L'economia martella di dati negativi un governo di falsari, che ormai punta tutto sul referendum per legittimare il restare in sella. I dati Istat resi noti stamattina, messi a confornto, spiegano perché l'economia non va e il consenso cala.

Da un lato abbiamo i dati sul commercio estero, relativi all'agosto scorso. A prima vista positivi, con una espansione sia delle esportazioni (+0,9%) che delle importazioni (+2,5%). Il problema sorge dal fatto che le seconde crescono quasi del triplo rispetto alle prime, esponendo il bilancio complessivo a forti rischi. Vero è che si tratta di un mese molto particolare (molte industrie chiudono, per una settimana o due, mentre il flusso di merci verso il nostro paese non si ferma), ma per un modello economico ormai orientato dalle politiche dell'offerta (bassi prezzi di produzione, compressione salariale, ecc) è vitale che l'export sia molto superiore all'import. Tanto più se, come in questo caso, c'è un forte calo dell'export verso i paesi extra-Ue nel comparto dei beni di consumo durevoli (-5,2%), fin qui una delle colonne del manifatturiero italiano.

Il surplus commerciale (+2.127 milioni) resta comunque superiore a quello dello stesso mese del 2015 (+1.383 milioni).

Come si diceva, però, crescono soprattutto le importazioni, anche se il prezzo del petrolio continua a restare ai minimi e quindi ne beneficia anche la bilancia commerciale.

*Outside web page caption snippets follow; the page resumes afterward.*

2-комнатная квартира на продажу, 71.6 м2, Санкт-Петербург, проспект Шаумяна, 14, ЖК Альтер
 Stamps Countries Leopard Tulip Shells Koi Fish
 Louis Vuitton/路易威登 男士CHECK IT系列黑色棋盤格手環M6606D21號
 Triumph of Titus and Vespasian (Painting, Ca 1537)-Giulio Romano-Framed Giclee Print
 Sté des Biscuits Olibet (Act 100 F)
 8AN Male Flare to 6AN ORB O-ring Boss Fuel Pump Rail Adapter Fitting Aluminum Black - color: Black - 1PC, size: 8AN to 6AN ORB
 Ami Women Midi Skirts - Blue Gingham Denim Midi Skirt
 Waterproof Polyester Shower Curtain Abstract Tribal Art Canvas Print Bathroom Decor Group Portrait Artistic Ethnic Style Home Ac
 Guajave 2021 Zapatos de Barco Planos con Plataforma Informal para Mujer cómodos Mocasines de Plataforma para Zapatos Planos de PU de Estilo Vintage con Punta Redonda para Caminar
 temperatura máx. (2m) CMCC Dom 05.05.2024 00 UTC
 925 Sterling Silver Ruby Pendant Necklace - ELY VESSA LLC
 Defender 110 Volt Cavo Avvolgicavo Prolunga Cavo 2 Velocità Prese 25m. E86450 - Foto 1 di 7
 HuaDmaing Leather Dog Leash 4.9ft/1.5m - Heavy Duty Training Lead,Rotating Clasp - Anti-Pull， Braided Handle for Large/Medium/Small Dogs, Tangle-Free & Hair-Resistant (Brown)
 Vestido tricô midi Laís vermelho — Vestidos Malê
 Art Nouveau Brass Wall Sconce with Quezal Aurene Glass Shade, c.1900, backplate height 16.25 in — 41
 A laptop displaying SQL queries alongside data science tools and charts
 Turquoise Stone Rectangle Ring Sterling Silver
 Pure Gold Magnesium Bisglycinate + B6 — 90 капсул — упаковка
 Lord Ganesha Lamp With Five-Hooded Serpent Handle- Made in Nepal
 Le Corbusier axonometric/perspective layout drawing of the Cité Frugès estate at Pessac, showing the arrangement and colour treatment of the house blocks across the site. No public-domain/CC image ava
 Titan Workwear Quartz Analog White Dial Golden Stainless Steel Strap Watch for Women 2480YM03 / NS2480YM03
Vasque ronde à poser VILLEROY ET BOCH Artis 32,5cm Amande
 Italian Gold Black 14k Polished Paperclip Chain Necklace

Le importazioni di energia infatti subiscono un altro crollo (-12,5%), che però supera gli effetti della dinamica dei prezzi degli idrocarburi e segnala anche una riduzione dei consumi (sia nelle imprese che nelle famiglie); il che non è affatto una buona nmotizia perché significa che le prime stanno producendo meno e le seconde stanno stringendo la cinghia.

Il dato export diventa inquietante, però vedendo quali sono i settori che segnano l'aumento più rilevante: beni di consumo non durevoli (+10,3%) e i beni strumentali (+8,2%), ossia altri due pilastri del made in Italy storico.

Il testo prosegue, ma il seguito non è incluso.